Ryan Simpson, BSc (Hons) Computer Games Programming, 2013
What are you doing now?
I’m working as a game engineer at Hardlight, a SEGA studio primarily focused on mobile games. I’ve been working here for almost 3 years now and had the pleasure of working on two of my childhood gaming icons: Sonic the Hedgehog, and Crazy Taxi.
I even got to meet Kenji Kanno, the mind behind Crazy Taxi.
What were the main reasons you took that course?
I took the course because I loved video games and really wanted to make them.
I also grew up just as tech was becoming a staple in most homes so was pretty interested in how it all worked and knew it’d be good for a career if I could work with technology without much struggle.
Why did you choose to study the course at the University of Derby?
A friend’s older brother did the same college course as me and ended up looking into university degrees around programming and mentioned to me that Derby had a course that was pretty widely renowned as being hard as nails, and really good.
That was that, and I applied the next year.
What impact has studying this course at Derby had on your career?
It had an instant impact: if I hadn’t have studied at Derby then I wouldn’t have gone on my third year placement, met the people I had, and gained the reputation I have.
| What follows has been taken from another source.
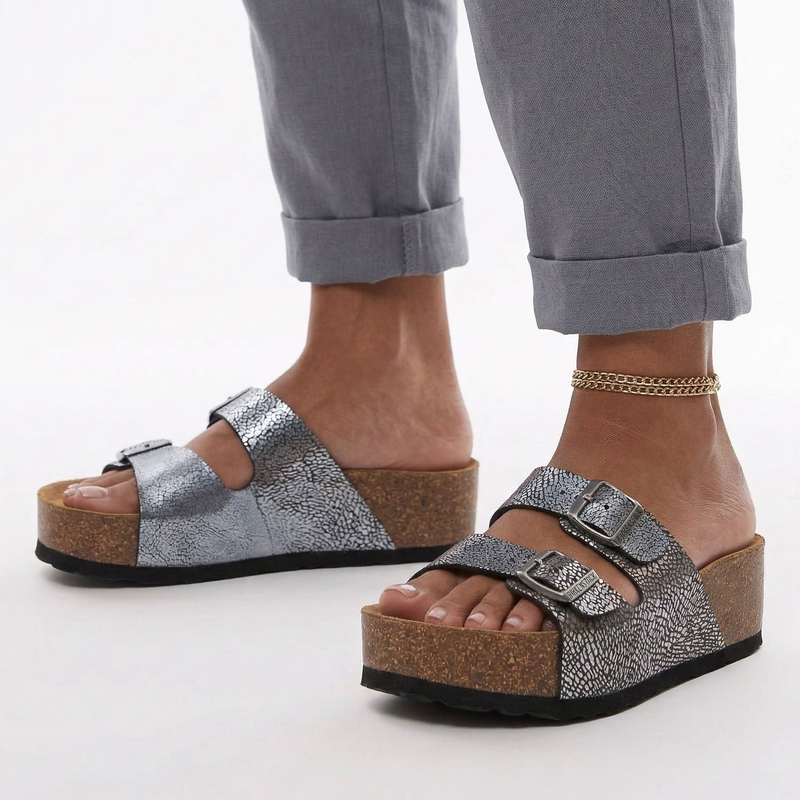 Dr. Brinkmann Bonillo Women's Wedge Slides Anatomic Blue 701164-09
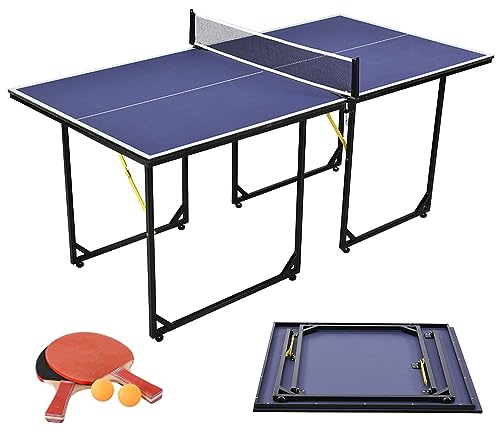 Simpolu 卓球台 家庭用 練習用 折りたたみ ピンポン台 ネット付 ピンポンテーブル 折り畳み 卓球台セット 屋内 収納便利 ラケット付 (ブルー)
This would have put me in a much worse spot than I was when I left university with a good reputation, and being able to get a recommendation and referral for SEGA.
How did the lecturers inspire you?
While I studied my main lecturers and course leads were both industry veterans from companies I knew and had played games from, this alone was enough to inspire. But it was also really inspiring to learn how they had created a successful start-up between them and some interesting software / projects together.
Then post-placement we had new lecturers, they were inspirations in a different sense. I was never good at essays, explanations or academic focus on my work, but my new lecturers helped improve that side of my work, where I didn’t think I would ever be bothered.
What are your future plans?
I just want to work on games that people find fun, be that mobile games with a hardcore mobile audience, or the smaller short burst ad-driven impulse mobile games for a more casual audience, and eventually maybe even PC/console games depending on where my career takes me.
Who are you still in touch with from University of Derby?
I’m still in touch with friends from University of course, but I’m also in touch with ex lecturers who I also regard as friends; John Sear, Adam Russel, Tommy Thompson, Minsi Chen to name a few. All great teachers and nice people.